Hukuk Genel Kurulu 2019/850 E. , 2021/1 K.
MAHKEMESİ : Yargıtay 9. Hukuk Dairesi (İlk Derece Mahkemesi Sıfatıyla)
EK KARAR : 16/10/2019 Bakanlığı vekili Av. Melahat Alaftan
1. Taraflar arasındaki “tazminat” davasından dolayı yapılan yargılama sonunda; ilk derece mahkemesi sıfatıyla Yargıtay 9. Hukuk Dairesince davanın açılmamış sayılmasına dair verilen 16.10.2019 tarihli ve 2019/1 E., 2019/1 K. sayılı ek karar davacı tarafından temyiz edilmiştir.

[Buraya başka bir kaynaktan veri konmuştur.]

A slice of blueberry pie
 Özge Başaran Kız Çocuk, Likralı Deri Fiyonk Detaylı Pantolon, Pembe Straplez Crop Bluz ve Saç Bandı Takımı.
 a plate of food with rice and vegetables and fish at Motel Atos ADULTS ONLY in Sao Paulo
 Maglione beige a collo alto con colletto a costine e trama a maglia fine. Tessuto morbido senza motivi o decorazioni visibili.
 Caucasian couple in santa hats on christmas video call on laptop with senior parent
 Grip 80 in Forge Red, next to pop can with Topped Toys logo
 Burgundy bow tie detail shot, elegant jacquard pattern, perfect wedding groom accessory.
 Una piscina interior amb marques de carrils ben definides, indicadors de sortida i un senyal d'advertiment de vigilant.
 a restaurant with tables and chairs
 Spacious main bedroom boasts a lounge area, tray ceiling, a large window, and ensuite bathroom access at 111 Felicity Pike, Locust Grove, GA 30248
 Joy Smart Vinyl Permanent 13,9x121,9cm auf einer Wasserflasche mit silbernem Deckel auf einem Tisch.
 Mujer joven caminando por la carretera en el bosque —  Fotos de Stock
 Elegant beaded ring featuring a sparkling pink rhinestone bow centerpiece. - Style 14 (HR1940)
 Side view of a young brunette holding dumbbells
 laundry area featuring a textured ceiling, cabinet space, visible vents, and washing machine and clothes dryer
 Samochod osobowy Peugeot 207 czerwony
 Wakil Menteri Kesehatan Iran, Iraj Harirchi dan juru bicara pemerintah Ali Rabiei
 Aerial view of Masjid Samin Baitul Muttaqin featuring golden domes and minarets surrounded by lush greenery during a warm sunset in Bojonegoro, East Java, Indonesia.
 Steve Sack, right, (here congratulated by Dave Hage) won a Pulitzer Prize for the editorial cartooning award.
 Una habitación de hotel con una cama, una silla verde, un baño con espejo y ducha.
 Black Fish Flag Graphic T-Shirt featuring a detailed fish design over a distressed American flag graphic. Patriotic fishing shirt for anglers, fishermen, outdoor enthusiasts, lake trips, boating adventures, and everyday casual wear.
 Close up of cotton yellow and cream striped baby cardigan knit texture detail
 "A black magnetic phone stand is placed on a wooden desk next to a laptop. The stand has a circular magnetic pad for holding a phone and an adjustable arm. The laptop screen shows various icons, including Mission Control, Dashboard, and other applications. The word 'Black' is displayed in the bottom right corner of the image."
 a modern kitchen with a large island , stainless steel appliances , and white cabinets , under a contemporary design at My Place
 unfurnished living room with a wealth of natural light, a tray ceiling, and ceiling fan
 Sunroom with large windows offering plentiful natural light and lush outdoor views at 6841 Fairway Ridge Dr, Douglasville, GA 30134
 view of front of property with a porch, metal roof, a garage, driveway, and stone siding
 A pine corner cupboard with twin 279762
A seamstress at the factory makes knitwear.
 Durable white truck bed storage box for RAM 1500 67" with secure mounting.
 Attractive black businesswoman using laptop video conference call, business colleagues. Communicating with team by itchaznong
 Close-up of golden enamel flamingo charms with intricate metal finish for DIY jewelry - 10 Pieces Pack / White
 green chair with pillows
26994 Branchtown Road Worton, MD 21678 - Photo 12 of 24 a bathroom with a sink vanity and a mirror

2. Hukuk Genel Kurulunca incelenerek kararın süresinde temyiz edildiği anlaşıldıktan ve dosyadaki belgeler okunduktan sonra gereği görüşüldü:
3. Dava, 6100 sayılı Hukuk Muhakemeleri Kanunu’nun (HMK) 46. maddesine dayalı tazminat istemine ilişkindir.
4. Hukuk Genel Kurulunda yapılan görüşmeler sırasında öncelikle, dava ve temyiz dilekçeleri birlikte değerlendirildiğinde 10.000,00TL manevi tazminatın tahsilinin istenmesi ve davanın açılmamış sayılmasına karar verilmesi karşısında, davacı tarafından temyize konu edilen kararın miktar itibari ile temyizi kabil nitelikte olup olmadığı hususu ön sorun olarak tartışılmış ve değerlendirilmiştir.
5. Bu aşamada istinaf ve temyize ilişkin yasal düzenlemelerin açıklanmasında yarar vardır.
6. Bölge Adliye Mahkemeleri 20 Temmuz 2016 tarihinde faaliyete geçmiş olup, bu tarihten itibaren 6100 sayılı HMK’nın istinaf ve temyiz hükümleri uygulanmaya başlanmıştır.
7. 6100 sayılı HMK’nın istinaf yoluna başvurulabilen kararları düzenleyen 341. maddesi;
“(1) İlk derece mahkemelerinden verilen nihai kararlar ile ihtiyati tedbir, ihtiyati haciz taleplerinin reddi ve bu taleplerin kabulü hâlinde, itiraz üzerine verilecek kararlara karşı istinaf yoluna başvurulabilir.
(2) Miktar veya değeri üç bin Türk Lirasını geçmeyen mal varlığı davalarına ilişkin kararlar kesindir (Ek cümle: 24/11/2016-6763/41 md.). Ancak manevi tazminat davalarında verilen kararlara karşı, miktar veya değere bakılmaksızın istinaf yoluna başvurulabilir…” düzenlemesini içermektedir.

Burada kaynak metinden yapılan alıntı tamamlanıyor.